Dataset 2: NFL Field Goals
In the second part of this homework, you will practice working with a classification problem. The dataset describes NFL field goal attempts. For those of you unfamiliar with American football, this is when the kicker tries to kick the ball through the uprights to score three points, as in this video. This data set contains information on about 3000 NFL field goal attempts over three seasons. The column we will be interested in predicting is Made
, which has value 1
or 0
indicating if the field goal was made or missed. If you want explanations for the other variables, you can look at the notes in the Excel file (the .xlsx
file) by hovering over the variable names.
Exercise 9
Open the data in Excel. Clean up the spreadsheet and save it as a csv so that it can be loaded into R. Load the data, partition the data using a 80-20 split.
Exercise 10
Clean the data by:
- Dropping any columns that seem like they won’t be helpful to your analysis. There is at least one.
- Ensuring all features have the correct type.
- Convert the
Made
column into a factor with informative levels (e.g.Made
,Missed
).
Exercise 11
What proportion of field goals in your training set were made? What does this mean in the context of determining a baseline level of accuracy that we want to beat?
Logistic Regression and Regularization
We will now extend what we’ve learned about \(L_1\)-regularization to logistic regression! In the same way that LASSO adds an \(L_1\)-norm penalty to the objective function for Ordinary Least Squares regression, we can add an \(L_1\)-norm penalty to the objective function for logistic regression. Whereas in OLS, the objective function was the sum of squared errors, the objective function for Logistic Regression is the log-likelihood. Other than this the principle works the same way… by including an \(L_1\)-regularization term, you induce sparsity.
Exercise 12
Generate a recipe that can be used for logistic regression with \(L_1\)-regularization. At a minimum it should include the following steps (not necessarily in this order):
- Dummy code all factors.
- Normalization of all predictors… why?
Exercise 13
Fit a logistic regression model with \(L_1\) regularization to the training data. This can be done in the exact same was as with OLS, simply use logisic_reg
instead of linear_reg
when you start your model and make sure to use glmnet
as your engine.
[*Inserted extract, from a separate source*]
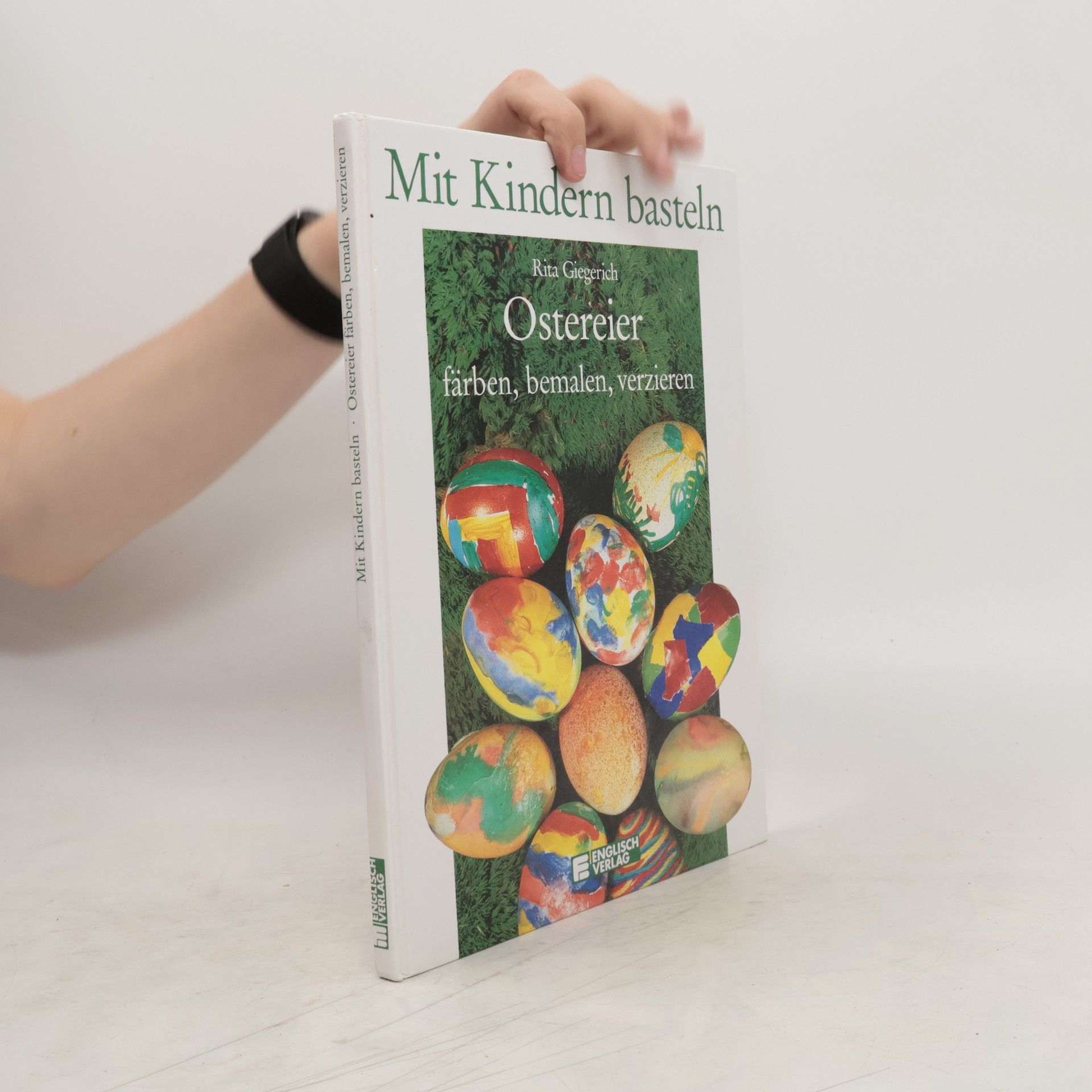 Collectif d'auteurs Mit Kindern basteln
Set the penalty to 0. Plot the coefficient estimates against the penalty as in these plots. Explain what you see and why. (Practice interview question).
Exercise 14
Use cross-validation and grid-search to find the best penalty (according to accuracy) for your logistic regression model. Tip: This step will take a while to run so start with two folds and one repetition, maybe even on a subset of your data, until you’re sure that it is running correctly. Then use 5-folds and 10-repeats to get your final performance estimates. In addition, make use of caching so you don’t need to re-run the cross-validation every time the document is Rendered.
Exercise 15
Fit your final model on the full training set and assess it’s performance on the test set. Which variables are included in your final model?
Exercise 16 (Very long question)
Use grid search and cross-validation to find the best \(k\) for a KNN classification model on this data. Fit the final model on the full training set and assess it’s performance on the test set. How does it perform compared to the model from Exercise 15?
Exercise 17 (Practice Interview Question)
Why doesn’t it make sense to use \(L_1\) regularization with KNN?